What seem at first glance to be disparate elements -- Reaganomics, gay culture, Valium addiction, racism, Mormons, Judaism, the settling of America, Bolshevism, and angels -- coalesce into a grand theme. Although its main characters have AIDS, and homosexuality figures intimately in the script, Angels in America comes across as much more than an AIDS play. Kushner calls for a restructuring of society out of the rubble of dying orders. As Reaganomics and communism crumble, his vision insists they be replaced with a commitment to community and to caring for the poor, neglected, sick, and dying. Ambitious, yes. Political diatribe, no. Kushner seamlessly weaves his politics into the daily lives of his characters.

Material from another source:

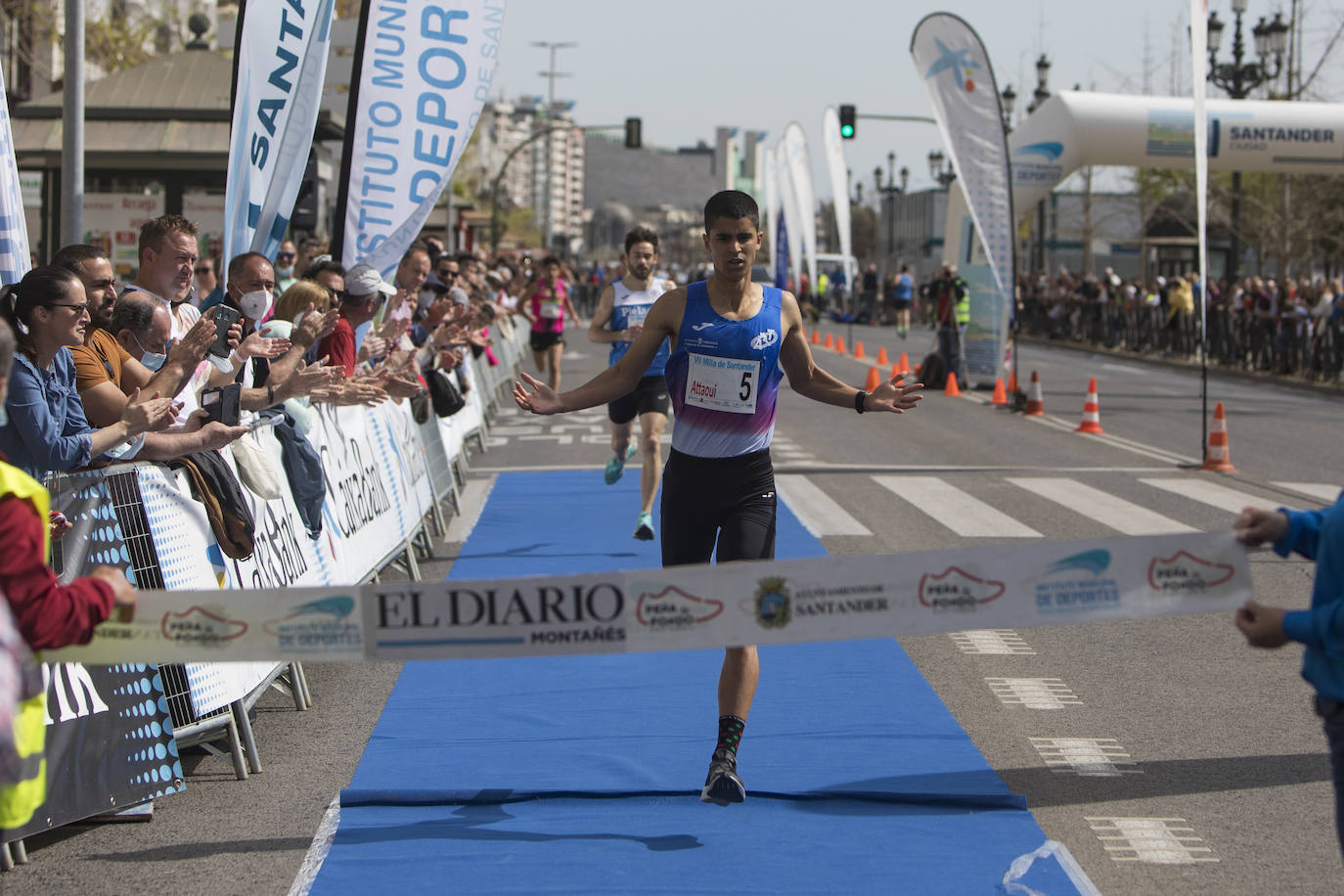 Fotos: Margarita Fuentes-Pila y Mohamed Attaoui vuelan en la Milla de Santander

The work has generated intense media scrutiny from the time a workshop production of "Millennium Approaches" was originally presented at the Mark Taper Forum in Los Angeles in 1990, followed one year later by its world premiere in San Francisco. From there the play wended its way to London's West End and then back to Los Angeles, where it enjoyed the first full production of both parts. Along the way, rapid-fire reports whetted the appetites of eager New Yorkers. In keeping with the drama's epic proportions, the New York press trumpeted its impending arrival, including profiles on Kushner and updates on the under-pressure process by which he continued to refine "Perestroika." Then the papers documented the controversy that ensued when the opening shifted from off-Broadway to Broadway. George C. Wolfe secured the coveted role of director, and the play won the Pulitzer Prize for drama before its New York opening. Then it copped a Tony Award two years in a row, one for each part. After all the hubbub, what originally had seemed a fresh and daring drama that blended magical realism with socialist politics while recalling Aristophanes, Bertolt Brecht, and Caryl Churchill was reduced in my mind to buzz-bin status. I figured nothing that hyped could be that good.
Determined to see for myself, I arrived at the Walter Kerr Theater in Manhattan last fall for a matinee performance of "Millennium Approaches" in a show-me mood. Amazingly the hype had not done the play justice -- it was sexier, funnier, wiser, sharper, angrier, thematically broader, and more theatrical than I'd been led to believe. Now that the national touring company of Angels is coming to the Gusman Center for the Performing Arts in downtown Miami, I eagerly await seeing "Perestroika."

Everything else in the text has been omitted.